Unnamed: 0,author,book_num,avg
0,J.K. Rowling/Mary GrandPré,4,4.283844
1,Markus Zusak/Cao Xuân Việt Khương,1,4.264151
2,J.R.R. Tolkien,2,4.258446
3,Louisa May Alcott,1,4.192308
4,Rick Riordan,1,4.080645
5,William Golding,1,3.901408
6,J.D. Salinger,1,3.825581
7,Paulo Coelho/Alan R. Clarke/Özdemir İnce,1,3.789474
8,William Shakespeare/Paul Werstine/Barbara A. M...,1,3.787879
9,Dan Brown,2,3.75454


**Find the average number of text reviews among users who rated more than 50 books.**

In [51]:
# Creating an SQL query.

query_5 ='''SELECT ROUND(AVG(cnt), 2) FROM (
            SELECT re.username, COUNT(*) cnt
            FROM reviews re
            JOIN (SELECT username
            FROM ratings
            GROUP BY username
            HAVING COUNT(*) > 50) x on x.username = re.username
            GROUP BY re.username) y
'''

In [52]:
c_7 = pd.io.sql.read_sql(query_5, con = engine)

In [53]:
c_7

Unnamed: 0,round
0,24.33


We find that the average number of text reviews among users who rated more than 50 books is 24.3

# Describe your conclusions for each of the tasks.

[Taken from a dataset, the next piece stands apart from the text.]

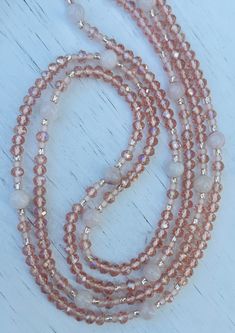 a long beaded necklace with pink and white beads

- On the first task, we find that after January 1, 2000, 818 books were released.


- On the second task, we find the number of user reviews and the average rating for each book.


- On the third task, Identify the publisher that has released the greatest number of books with more than 50 pages and found that Penguin Books was the winner with 42 books.


- on the fourth task, we Identify the author with the highest average book rating: "Diana Gabaldon."


- On the fifth task, we find that the average number of text reviews among users who rated more than 50 books is 24.3.